Tirant son magnifique titre d’un roman de Yu Dafu daté de 1923, le nouveau film de Lou Ye est un poème des amours secrets où les corps se caressent, s’entrechoquent et se libèrent. Condamné à filmer clandestinement pour cause d’interdiction de tournage sur le territoire chinois suite au passage d’Une jeunesse chinoise sur la Croisette en 2006, Lou Ye transcende son sujet par une mise en scène alerte et à fleur de peau, et grâce à des acteurs qui se donnent corps et âme au film.
Récompensé par un prix du scénario à Cannes l’année dernière, c’était un moindre mal pour un réalisateur dont le parcours ressemble à un chemin de croix, et qui n’a pourtant jamais transigé sur ses intentions de mise en scène. Attiré par les histoires d’amour contrariées, Lou Ye en profite toujours pour poser un regard lucide et parfois quasi documentaire sur les travers de la société chinoise, ce qui ne plaît pas aux autorités du pays. En 1994, son premier film, intitulé Week-End Lover, a dû subir les foudres de la censure et quelques coupes drastiques, tandis que le suivant, Suzhou River, fut tourné clandestinement et interdit en Chine.

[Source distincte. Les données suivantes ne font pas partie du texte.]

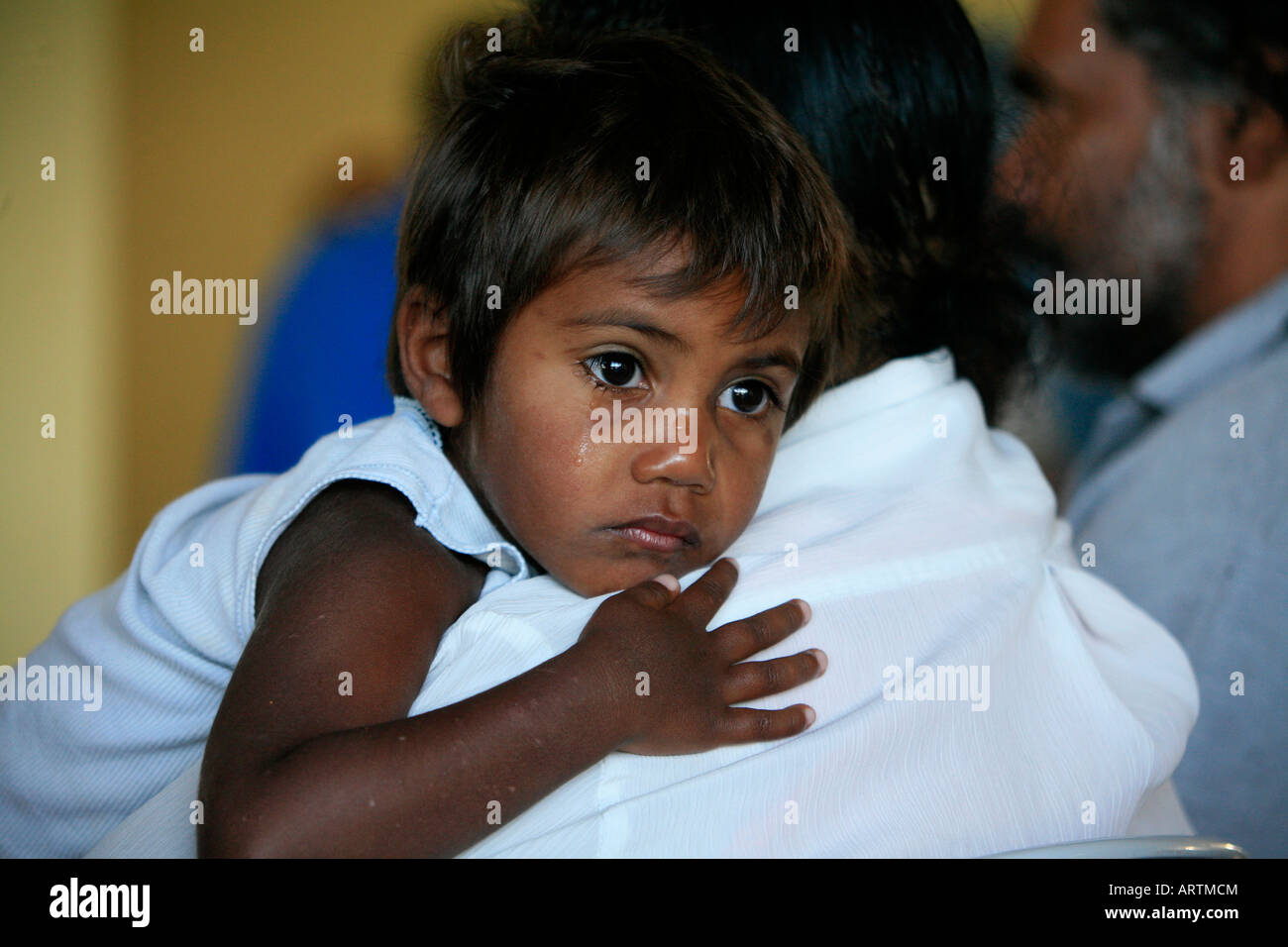 Aboriginal boy crying Stock Photo - Alamy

Pour Une jeunesse chinoise, Lou Ye et son producteur ont dû redoubler de ruse face à la censure gouvernementale pour réaliser un film qui aborde les événements de Tienanmen en 1989. Mais finalement, même résultat : interdictions, censure, plus aucun producteur pour le suivre. Ce n’est qu’à une reconnaissance internationale obtenue en festival que Lou Ye doit son salut, avec la possibilité de débloquer des fonds en France et à Hong Kong pour produire Nuits d’ivresse printanière.

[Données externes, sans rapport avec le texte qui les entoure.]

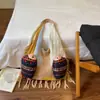 Bolsa de hilo tejida única para mujer, gran capacidad, versátil, adecuada para ir al trabajo, nuevo estilo 2026, linda bolsa de hombro tejida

De simple condition illégale de tournage, la clandestinité est finalement devenue sujet central de ce nouveau film. À Nankin, ville grise et sans éclat, Wang Ping est un homme marié qui vit une passion amoureuse avec un autre homme, Jiang Chen. Sa femme ayant des soupçons, elle engage Luo Haitao et sa petite amie Li Jing pour l’espionner et lui apporter la preuve de l’infidélité. Révélations précipitant la rupture entre Wang Ping et Jiang Chen, s’engage alors un étrange pas de trois entre ce dernier et le couple d’apprentis détectives. La clandestinité s’y joue selon deux axes : secret des passions amoureuses, furtivité dans l’exécution d’activités illégales (par exemple, Li Jing travaille dans une usine de contrefaçons, avec des travailleurs sans-papiers). Le rapport de force se créé avec l’agitation de la ville, parfaitement retransmise par une caméra elle-même interdite et un montage qui dans la première partie du film donne parfois le tournis, où l’on sent que chaque personnage peut croiser l’autre à tous moments, et découvrir une vérité qui lui était cachée. À l’image d’une belle scène où la femme de Wang Ping espionne Jiang Chen au bureau, derrière une baie vitrée, la ville est un lieu où l’on s’expose, où l’on prend des risques. Par opposition, la première séquence qui se déroule à la campagne délimite un espace plus large et abandonné, où les deux amants peuvent laisser libre cours à leur passion.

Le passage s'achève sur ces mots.